(Captioned web image data)
========
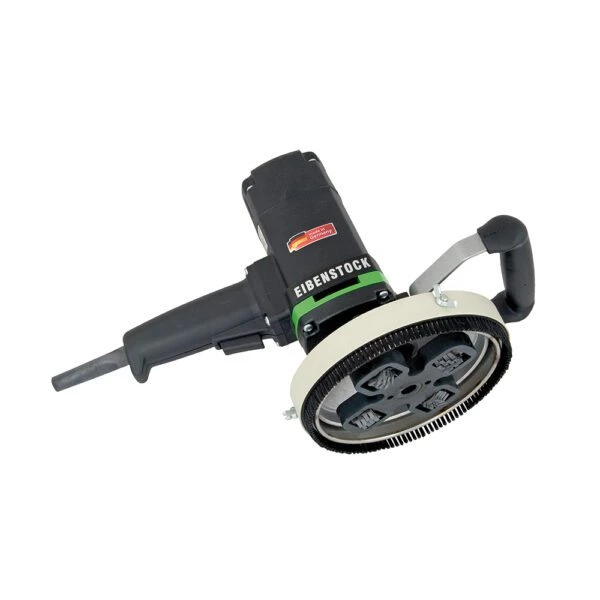 Eibenstock Traitement Des Sols Et Des Murs 10.098.06 Couteau Sanitaire EPF 1503 1500 Watt - 4,000 Rpm, Y Compris Un Jeu De Roues De Coupe 3 Eibenstock Traitement Des Sols Et Des Murs 10.098.06 Couteau Sanitaire EPF 1503 1500 Watt - 4,000 Rpm, Y Compris Un Jeu De Roues De Coupe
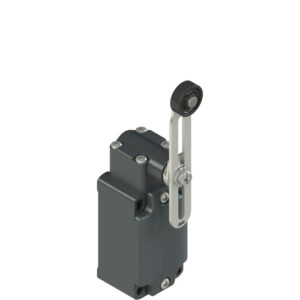 FD 535-K60 Position switch with adjustable roller lever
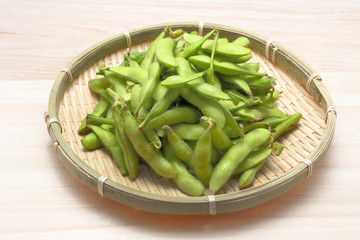 枝豆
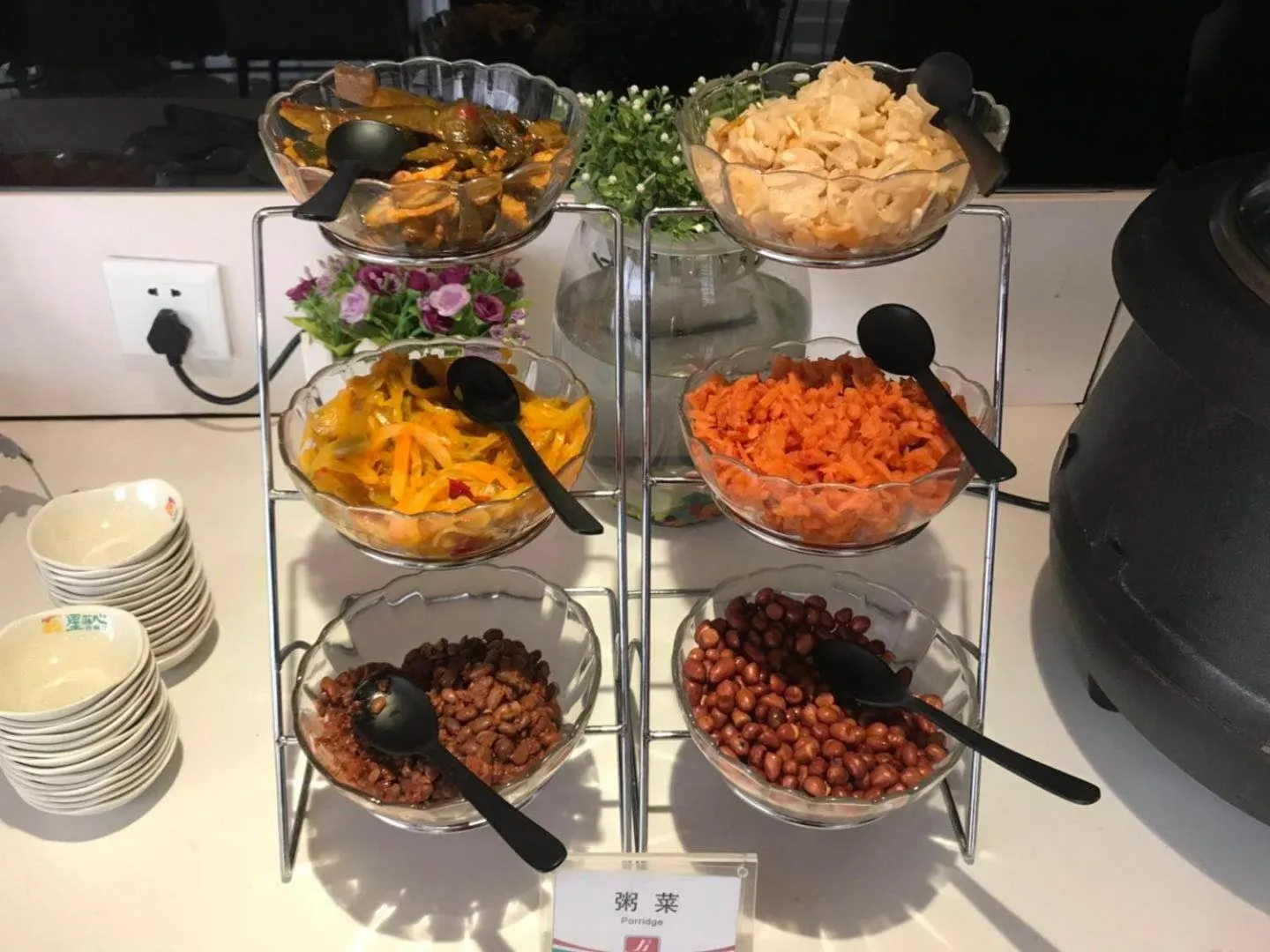 Jinjiang Inn Xuzhou Xinyi Municipal Government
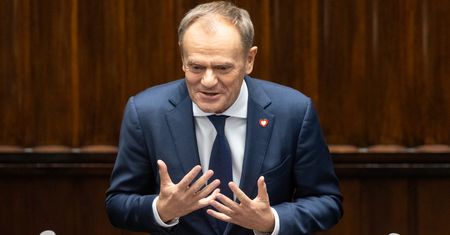 "Ponad 20 miliardów zł". Polska otrzymała przelew z UE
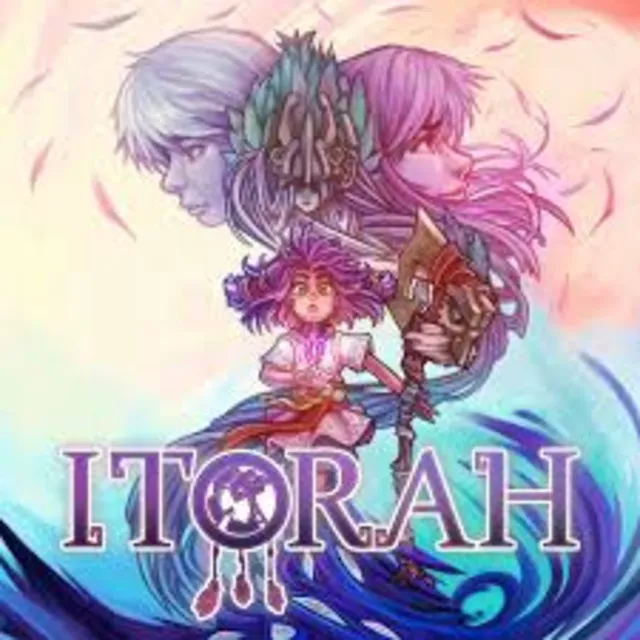 ITORAH ✅ ключ Steam Global + RU/CIS РФ/СНГ +🎁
========
* _Directions for this task_:
Make an exact copy of every entry above, but keep the pictures out of it.

* _Response below_:
 Eibenstock Traitement Des Sols Et Des Murs 10.098.06 Couteau Sanitaire EPF 1503 1500 Watt - 4,000 Rpm, Y Compris Un Jeu De Roues De Coupe 3 Eibenstock Traitement Des Sols Et Des Murs 10.098.06 Couteau Sanitaire EPF 1503 1500 Watt - 4,000 Rpm, Y Compris Un Jeu De Roues De Coupe
 FD 535-K60 Position switch with adjustable roller lever
 枝豆
 Jinjiang Inn Xuzhou Xinyi Municipal Government
 "Ponad 20 miliardów zł". Polska otrzymała przelew z UE
 ITORAH ✅ ключ Steam Global + RU/CIS РФ/СНГ +🎁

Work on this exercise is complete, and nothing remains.